After three years of presenting contemporary twists on the classics Giselle, Romeo and Juliet and Coppelia – The Training Ground ballet ensemble in Canberra is taking a leap into the dark side.
Directors Bonnie Neate and Suzy Piani are embarking on what they call a more “conceptual” kind of ballet, based on a true-crime episode that Neate saw on TV one night.
It was the case of 17-year-old Daniel LaPlante who, in 1986, initiated a reign of psychological terror by crawling inside the walls of a home in Massachusetts and “haunting” the family, later going on to murder a pregnant woman and her two children in the same town.
It is the former episode that Neate and Piani have taken as the starting point for a new ballet, Wired, coming up at Erindale Theatre in early August with 18 elite dancers performing a full-length work that explores themes of deception, mistrust and paranoia.
It will be the culmination of a rigorous six-month contemporary dance training program for advanced dancers from the ACT and surrounding areas. Some in the cast are regulars with The Training Ground, others are not.
In Wired, it’s not so much a matter of creating something scary, but of conceptualising the characters, Neate and Piani explain.
This grim story also allows them to play around with the video material, and, happily, videographers Trent Houssenloge and Chris Curran, of Cowboy Hat Films, join the team again.
The video material leans more towards animation, they say, as is the set built from scratch by Houssenloge and Curran after they all sat down and worked out how to physicalise the story of the man in the wall. There will be two walls.
“The video work and the live dancing will sync together,” they say.

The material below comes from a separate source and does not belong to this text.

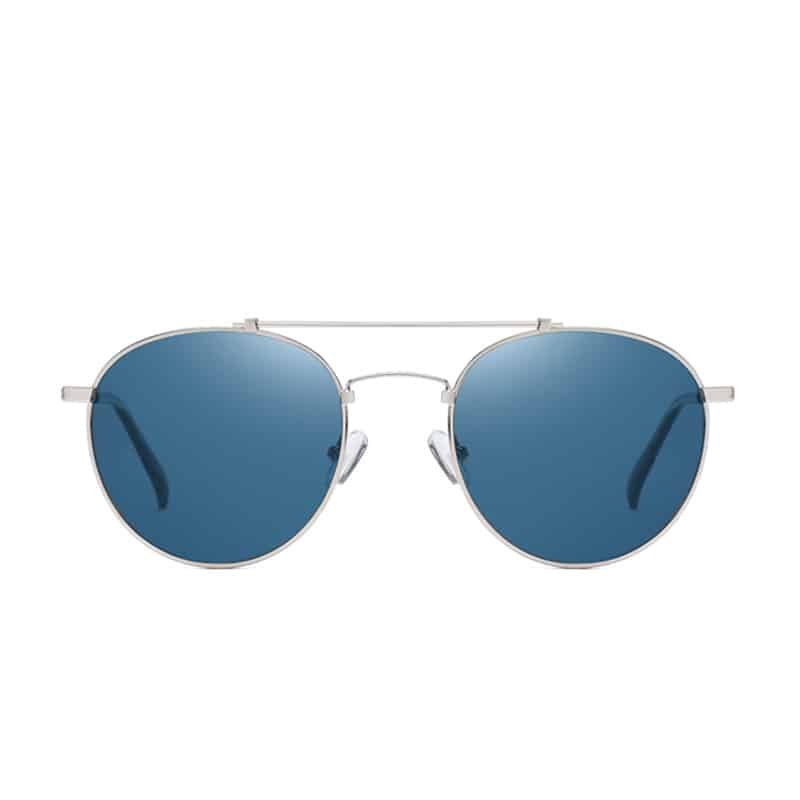 polarized sunglasses manufacturers 1.jpg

Neate and Piani are always very particular about ensuring that the music and sound elements match the narrative. This year, in a soundscape created by sound wizkid Ben Novak, from Erindale Theatre, there’ll be an eclectic mix of contemporary pop songs, some classical strings and special effects.
Neate and Piani have imagined a series of characters – the unnamed Watcher, performed not by a male but by Larina Bagic; the three housemates inside, Charlie Thompson as Leo, Jemima Paul as Greta and Emily McCoy as Tess, and Imogen Addison as the Scene Changer.

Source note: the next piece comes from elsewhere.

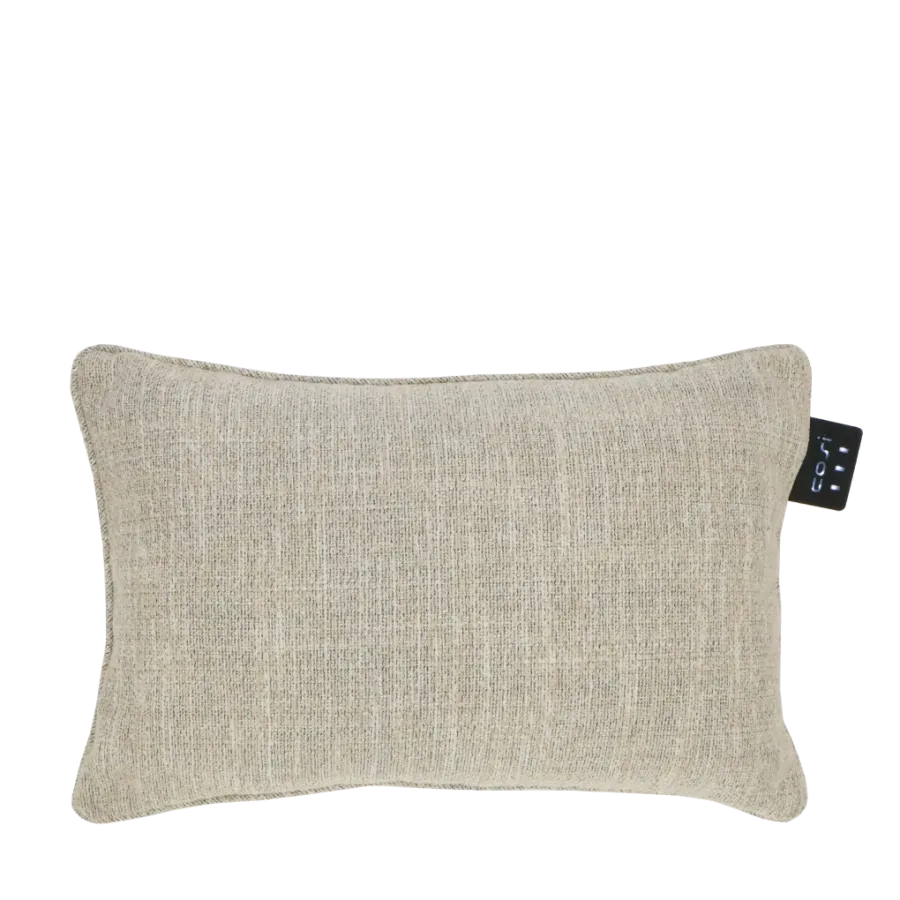 Cosipillow 40 x 60 cm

There is also an ensemble of 13 dancers who perform manifestations of the three characters inside the house, balanced carefully until the end of Act I, when they begin to merge with The Watcher.

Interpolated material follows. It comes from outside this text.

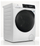 Larje/Tharje Electrolux EW8WN261B, 10kg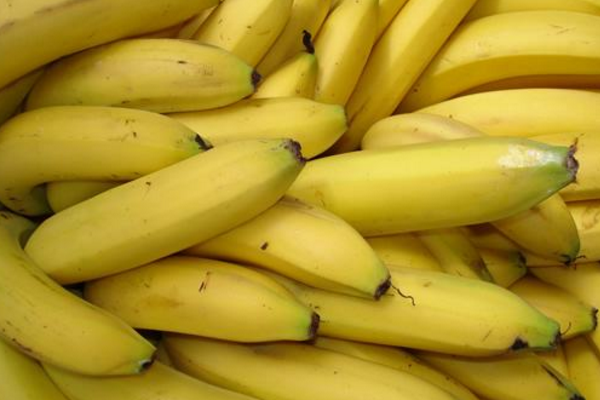 亚洲国产香蕉碰碰人人:12-14-27-33-48-49Y：41,亚洲国产香蕉与人的奇妙互动，深度探索与反思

As Neate reveals, when Act II arrives, things take a turn for the worse, with a focus on people being terrorised psychologically.
This kind of conceptual drama provides new challenges for the two directors, as they work on reflecting in dance what happens in the mind.
“We find that we are taking a new path, a more interesting route than we have done before,” they say.
Wired, Erindale Theatre, August 2-3.